Standard NLP metrics like chrF and CER operate on Unicode characters. For Indic scripts like Tamil and Sinhala, this leads to inflated or misleading scores because:

  1. A single visual character may be 2–4 Unicode code points
  2. ZWJ sequences are split artificially
  3. Conjuncts are counted as multiple "characters"

graphemes++ solves this by operating at the grapheme cluster level.

GraphemeCHRF

chrF (Character F-score)

chrF measures n-gram overlap between hypothesis and reference at the character level. GraphemeCHRF does this at the grapheme level.

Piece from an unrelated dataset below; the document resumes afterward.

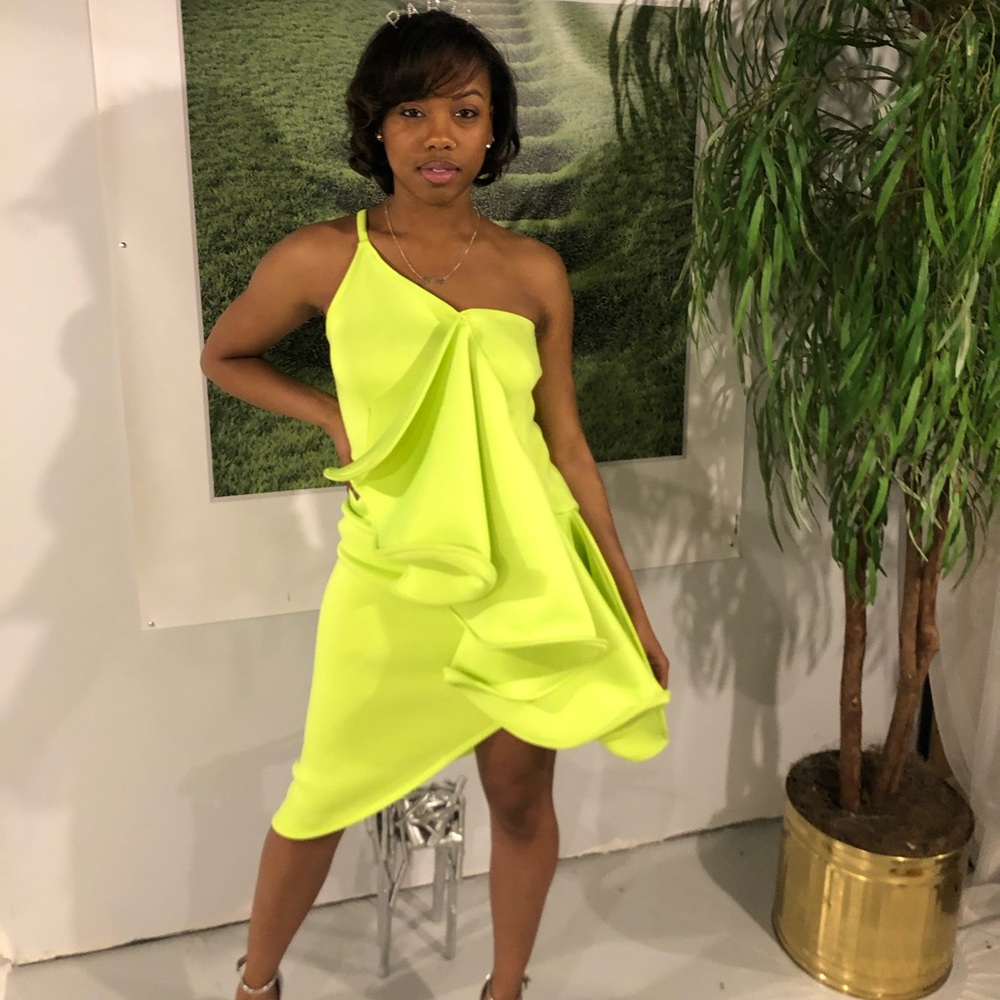 Show Stopper💚 - Picture 4 of 4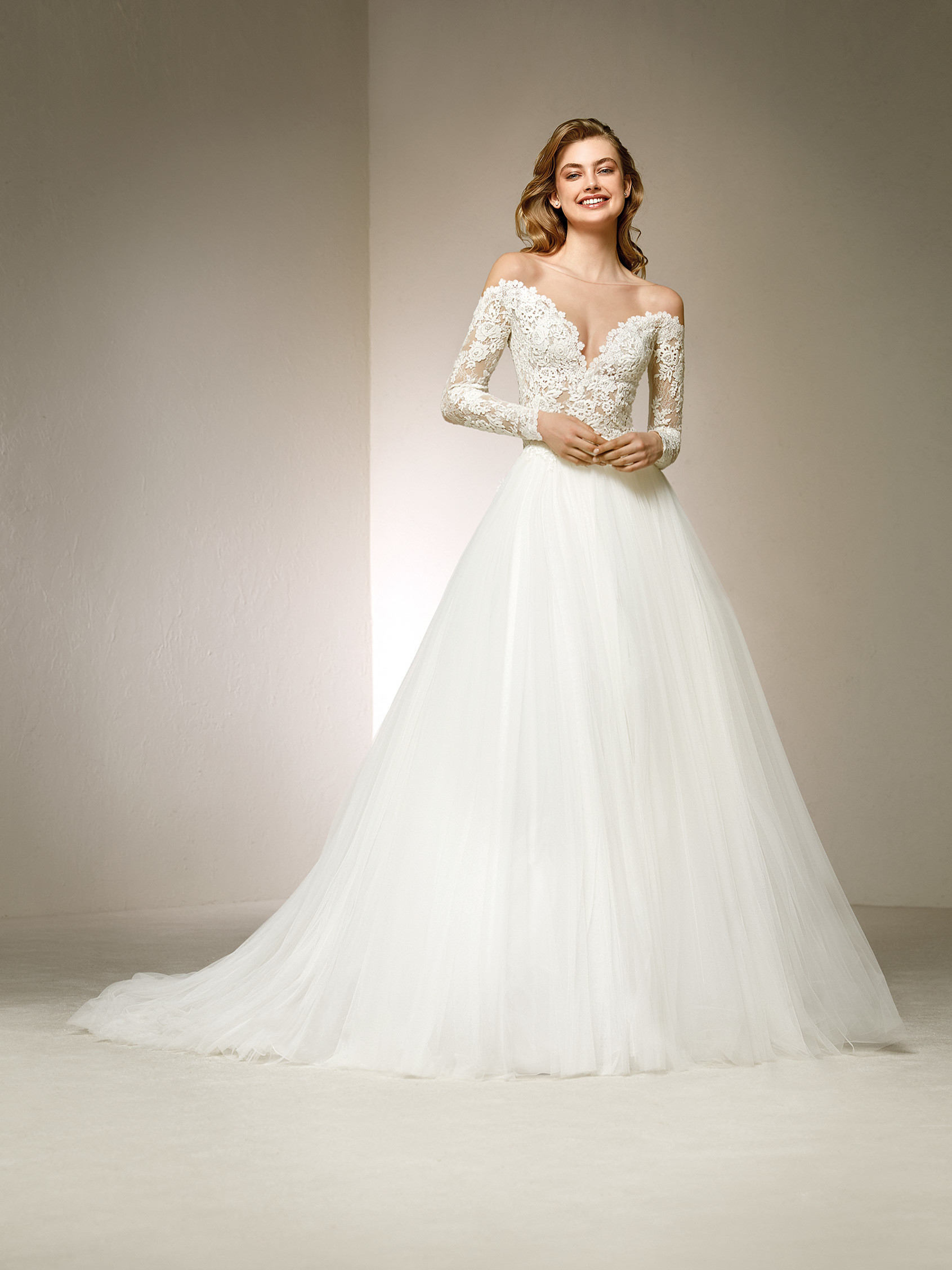 Abito da sposa da principessa Pronovias in pizzo chantilly e tulle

from graphemes_plusplus.metric import GraphemeCHRF

chrf = GraphemeCHRF()

# Corpus-level scoring
score = chrf.corpus_score(
    ["வணக்கம் உலகம்"],           # hypotheses
    [["வணக்கம் உலகம்"]]          # references
)
print(f"chrF: {score.score:.2f}")  # 100.00

chrF++ (with word n-grams)

chrF++ extends chrF by including word-level n-grams, which captures word order information:

chrf_pp = GraphemeCHRF(word_order=2)

# Word order differences are penalized
ref = ["இன்று வானிலை மிகவும் அழகாக இருக்கிறது"]
hyp = ["இருக்கிறது அழகாக மிகவும் வானிலை இன்று"]

score_chrf = GraphemeCHRF().corpus_score(hyp, [ref])
score_chrfpp = chrf_pp.corpus_score(hyp, [ref])

print(f"chrF:  {score_chrf.score:.2f}")   # Grapheme overlap only
print(f"chrF++: {score_chrfpp.score:.2f}") # + word order penalty

Multi-Reference Evaluation

GraphemeCHRF supports multiple references (takes the best match):

chrf = GraphemeCHRF()
score = chrf.corpus_score(
    ["வணக்கம்"],
    [["வணக்கம்", "நமஸ்காரம்"]]  # two valid references
)

CER (Character Error Rate)

CER measures the grapheme-level edit distance normalized by reference length:

from graphemes_plusplus.metric import CER

# Perfect match
print(CER("வணக்கம்", "வணக்கம்"))  # 0.0

# Complete mismatch
print(CER("", "வணக்கம்"))         # 1.0

# Partial match
cer = CER("வணக்கம", "வணக்கம்")
print(f"CER: {cer:.4f}")

CER Formula

$$ \text{CER} = \frac{\text{Levenshtein}(\text{hypothesis}, \text{reference})}{|\text{reference graphemes}|} $$

Choosing the Right Metric

Metric Best For Pros Cons
chrF Translation quality No tokenization needed, correlates well with human judgment Ignores word order
chrF++ Translation quality Captures word order via word n-grams Slightly more complex
CER OCR, ASR Simple, intuitive interpretation Doesn't capture reordering
Levenshtein String similarity Raw edit distance Not normalized
Hamming Fixed-length comparison Fast Requires equal length

Practical Workflow

graph TD
    A["Raw Predictions"] --> B["Graphemizer"]
    C["Ground Truth"] --> D["Graphemizer"]
    B --> E["Grapheme Lists"]
    D --> F["Grapheme Lists"]
    E --> G{"Choose Metric"}
    F --> G
    G --> H["GraphemeCHRF"]
    G --> I["CER"]
    G --> J["Levenshtein / Hamming"]

    style A fill:#7c4dff,color:#fff
    style C fill:#7c4dff,color:#fff
    style H fill:#00bfa5,color:#fff
    style I fill:#00bfa5,color:#fff
    style J fill:#00bfa5,color:#fff

For machine translation Use chrF++ (word_order=2) for the best correlation with human judgment on Tamil and Sinhala translation tasks.

For OCR and ASR Use CER for character-level accuracy measurement. It gives a single number between 0 (perfect) and potentially > 1 (very poor).